Cristina Mier, Benjamin Verlhac, Léo Garnier, Roberto Robles, Laurent Limot, Nicolás Lorente, and Deung-Jang Choi.
Journal of Physical Chemistry Letters 12, 2983 (2021)

A superconducting tip yields the energy resolution to detect small shifts of spin-flip excitation thresholds, permitting the authors to reveal the different individual environments of molecules in an ordered layer. This knowledge allows Mier et al. to reveal the adsorption configuration of a complex molecular structure formed by molecules in different orientations and positions.

At low electron energies (i.e. small bias between a scanning tunneling microscope tip and the sample), the conductance between two superconductors shows enhanced peaks at a bias matching the sum of the sample and tip superconducting gaps. For the present experiment, the authors use a Pb (111) substrate and a nickelocene molecule. The tip is also covered by Pb, leading to the same superconducting gap for tip and substrate. The attached figure shows the corresponding peaks at 2Δ. Between 4 and 5 Δ a new large peak appears.
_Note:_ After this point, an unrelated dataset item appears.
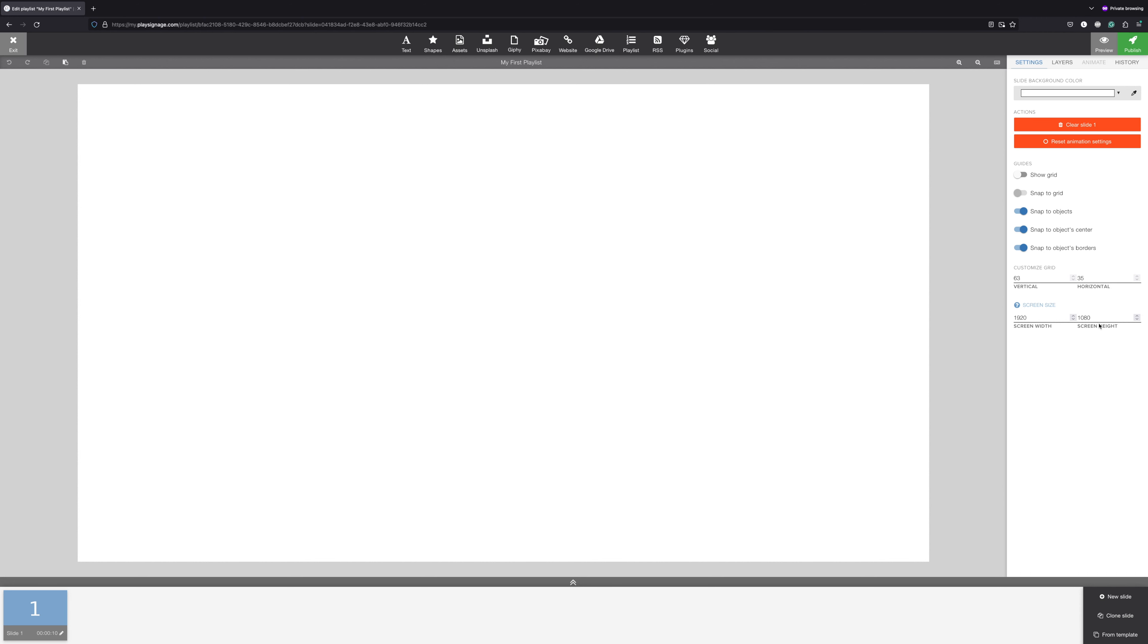Next to your canvas, you'll find options and settings. At the top, you'll find all the content you can add to your canvas.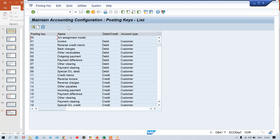I've seen one tutorial where the faculty says that in real time we never create document type and we never create posting key. I'll tell you guys, never say like this. If during an interview somebody asks whether we can create a new document type or posting key and you say no, you're going to be rejected immediately. Document type can be created; posting key very rarely, but we can't say these things are never created.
This peak is due to an inelastic spin flip of the nickelocene molecule used in these experiments. The injected electron loses the energy needed to excite the molecular spin and ends up in the large density of states corresponding to the peaks at 2Δ. This leads to an enhanced inelastic peak at 2Δ plus the spin excitation energy. The resolution of the experiment is very good and permits to reveal a sub-milli electronvolt variation of the spin excitation. This spin excitation variation is traced back to the effect of the substrate on the molecule. Mapping the variation of excitation energy over the molecular overlayer on the surface allows the team to find the adsorption configuration of the molecule on the surface. The results are plotted on the right panel. They find an intricate geometry of molecular configurations with a non-commensurate registry with the surface. 

Figure: Differential conductance between a Pb tip and a Pb(111) substrate covered with nickelocene (C10H10Ni) molecules.

The molecule has a sandwich structure with two cyclopentadienyls (C5H5) above and below a Ni atom. Consequently, the molecule can lie flat or vertical on the surface (right panel). Moreover, the structure is not commensurate due to the very small local interactions between molecule and substrate. This leads to a different crystal field on the molecule depending on the adsorption site that reflects in a small (sub-milli eV) shift in the molecular magnetic anisotropy as revealed in the left panel. The shift is only present in the bigger-energy peaks, as it corresponds to the spin-flip origin of this peak. The lower-energy peaks correspond to the quasiparticle structure of tip and substrate and hence do not depend on the molecular adsorption.